You admit that the attention from your just returned from China going to med school ex, especially his regret for treating you like crap, was heady. Now admit that you used your med school ex as a way to break up with your live-in ex, without having to admit that you wanted to break up with him. That you're now ducking phone calls from the med school ex should tell you that.
You're starting grad school soon. Now is the perfect time to take a step back and just figure yourself out, before you plunge into a relationship with either of your exes, or even with someone new. Figure out what you want, from yourself, from your life, and from your romantic partners. Figure out how to be alone.
as someone who went a long time ago and am still rolling my eyes.
...a bunch of self-important stock characters who think they're living a Zach Braff movie.
-The "highly intelligent" young woman supposedly "intensly practical and focused on various goals" but still can't seem to get away from the same "brilliant" emotionally stunted man-boys who couldn't care less about her but she's just too scared of being alone and cultivating an identity for herself without male validation.
-The mindset that everything foreign is more "exotic" and more meaningful to explore. The mindset that everything middle-American is backward, stupid and full of toothless rednecks who couldn't possibly relate to someone so enlightened.
-A bunch of directionless, purposeless people with too much time watching television shows from their youth and propagating an image for themselves on social networking sites.
These are my peers.
I'm a neurotic person with neurotic friends, & I don't have much time for the "back home in Minnesota, we all lived the simple life!" line of argument. Nevertheless, I hate this letter. "which was sharply curtailed after I fractured my foot." "Needless to say, I was dissatisfied." BARF. This person needs advice about her prose style, not her relationships.
Oh my, this sounds like my life at 25, right down to the scene of coming home to the sweet-but-ambitionless boyfriend passed out on the couch with a beer in front of a Simpsons rerun. In my case, boyfriend #2 was a brilliant, charming, sexy, and probably sociopathic addict.
What did I do? I ditched both of them. I moved across the country and got my Ph.D. I'm now a successful academic. I never looked back.
Lesson: you're 25. You're smart. You have ambition. You have no use for either one of these losers.
Graduate students don't have "trust funds." Folks who can afford a trust fund for their kids are among the richest of the rich; grad students are generally just poor. Where do you people get your ideas?
There's a very good book about triangulation and the emotional politics of that by a woman named Harriet Lerner. It's called the Dance of Anger. (She has a bunch of other books called The Dance of Something and I think they all deal with triangulation, but I think Dance of Anger is her first book).
Anyway, it's good to learn about and especially about how having a third leg in a relationship can prevent you from confronting issues in your primary relationship, sort of having your cake and eating it too.

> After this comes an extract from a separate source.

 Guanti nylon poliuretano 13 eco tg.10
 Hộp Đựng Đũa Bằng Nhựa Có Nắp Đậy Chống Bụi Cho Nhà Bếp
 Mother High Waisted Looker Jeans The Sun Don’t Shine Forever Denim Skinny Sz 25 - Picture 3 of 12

Everyone wants something they don't have. My advice, don't get married. Inevitably it will become less exciting, you know comfortable. But if you always expect someone else to make you happy, well it just won't happen. Happiness isn't about your partner nor is it about their profession. Happiness is about you and your willingness to be happy with yourself, only then can you be happy with someone else you know for who they are not for who you want them to be.

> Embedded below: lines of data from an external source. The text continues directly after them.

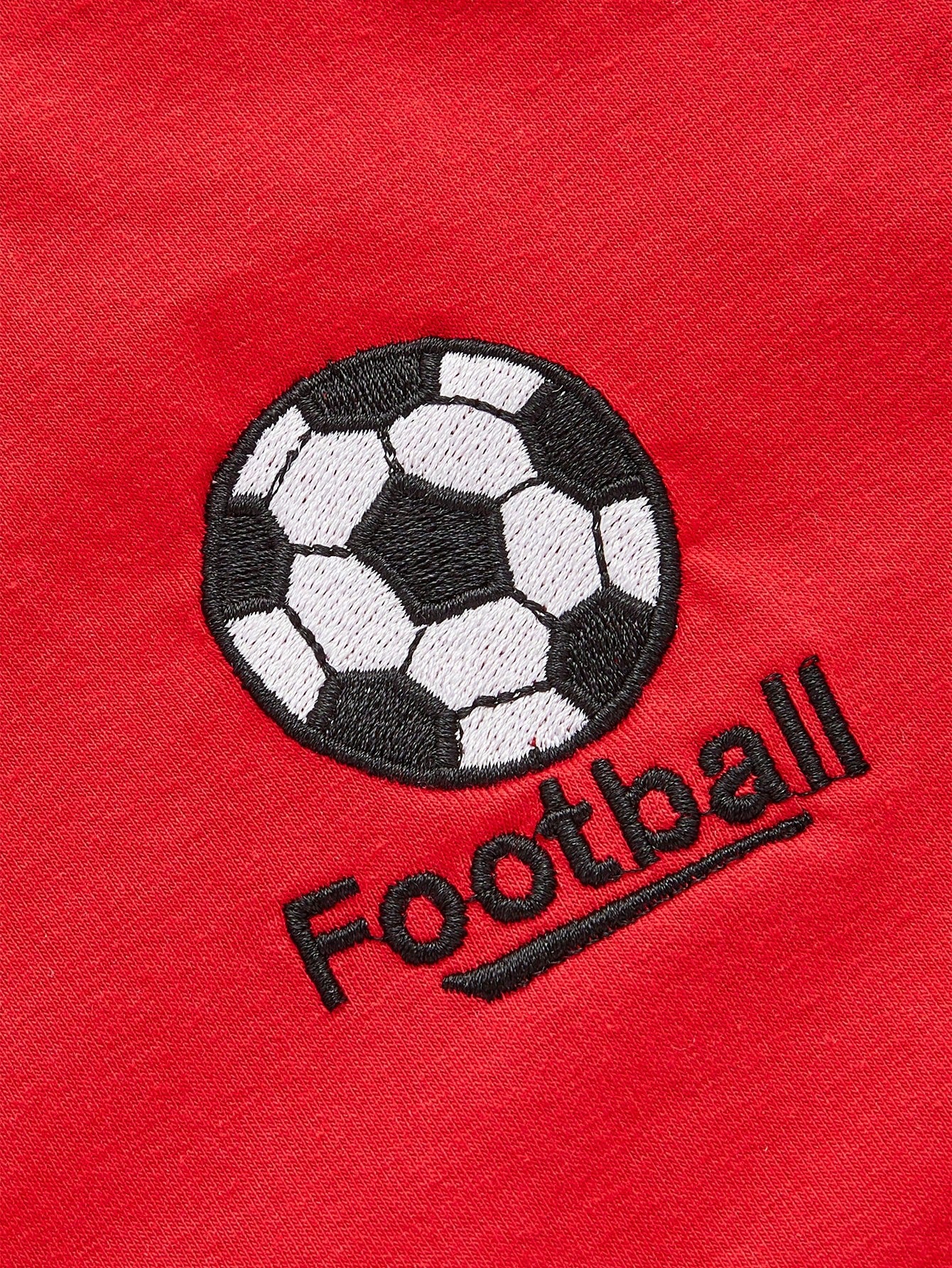 ROMWE Kawaii Camiseta De Fútbol Impresa Y Acolchada Para Mujer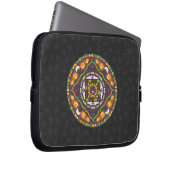 Tricks und Leckereien Mandala Laptop Case (Vorne Rechts)
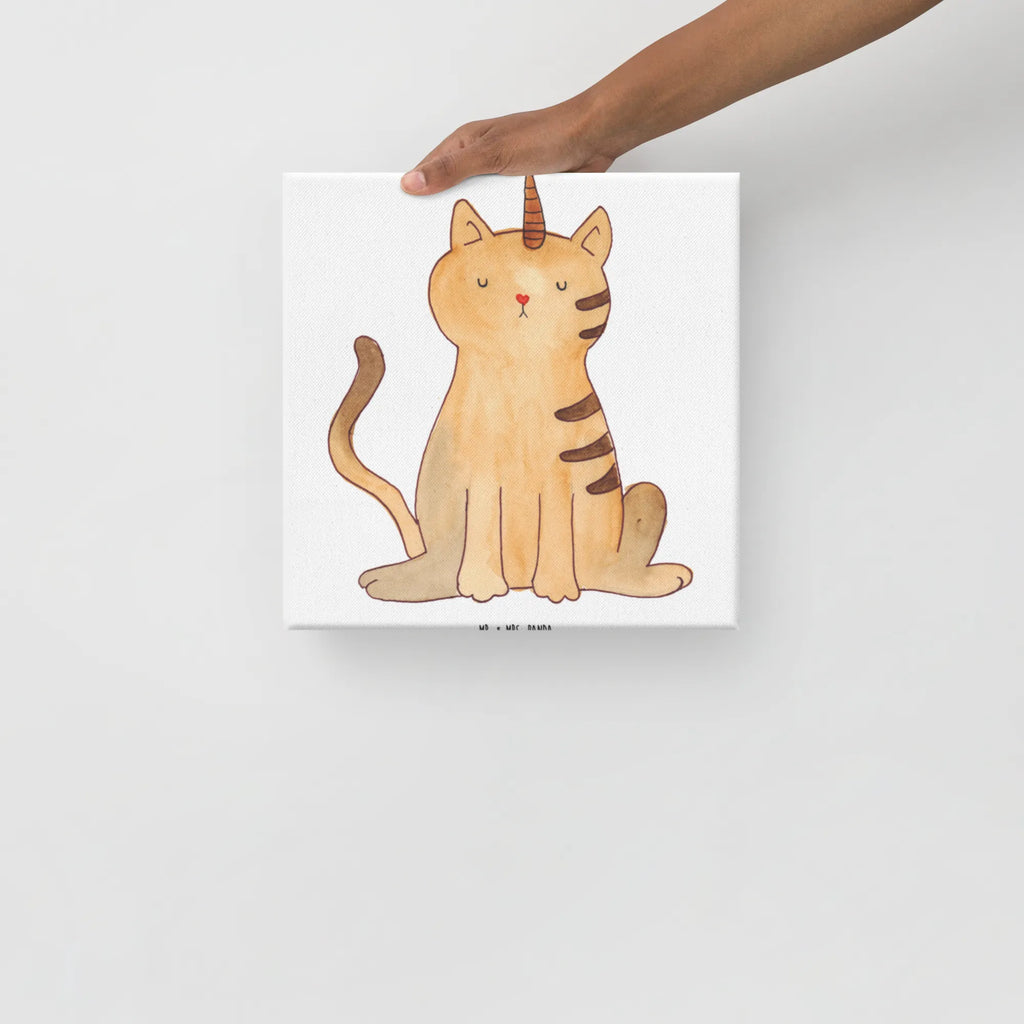 Canvas picture unicorn Cat Leinwand, Bild, Kunstdruck, Wanddeko, Dekoration, Einhorn, Einhörner, Einhorn Deko, Unicorn, Katzer, Mieze, Regenbogen, Glitzer, Einhornpower, Erwachsenwerden, Katze, Katzenhorn, Einhornkatze, Kittyhorn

I think what's thrown her for a loop is that inspite of all her thinking she didn't want this man, he went and dumped her first. That's what's confused her. It happened before she was entirely ready, so the rejection hurts and that's even more confusing. Why would it bother her to lose this guy she didn't much like anyhow? Not because she lost him. But because he rejected her. So LW, I don't think you want this man. You're just bruised. Leave him alone. Trust that you didn't get to the point of wanting to dump him yourself by accident. If you try to hook up with him again, you'll just find yourself frustrated all over. Don't put him through that again.
There's no 'we' here...there's just the LW confused because she thought all the choices were hers to make.
In a mind so obviously full of self. But that's not why I'm writing. I'm writing because I am continually stunned by the patience and compassion Cary shows his LW's, no matter how self-absorbed, twenty-something they may be. Cary, you are so damned kind. I guess that's why you are writing this column, and not all of us would be flame throwers out in the great readership.
My advice to our stunningly intelligent, gifted, would be saver of humanity is just this -- feel it all. You can't think your way out of emotional traps, you can only feel it and let time do it's wondrous magic. If you really intend to work with the disenfranchised diaspora of the planet, getting through heartbreak will be a useful skill.
My hunch is that you aren't meant to be with either of these boys. More likely you will continue your work toward your goals... and while in the midst of some overseas service job you might just find yourself side by side with a grown up man who shares your goals and dreams. You will never know until you are well on your own way.
My remaining advice is to let yourself be single for awhile, while you pursue your own future and find, in the process, who you are. You might be lonely, but loneliness is another side effect of roaming the planet that you would do well to manage.
Lastly, Burning Man is wonderful! Can't wait til September. See you there, Cary?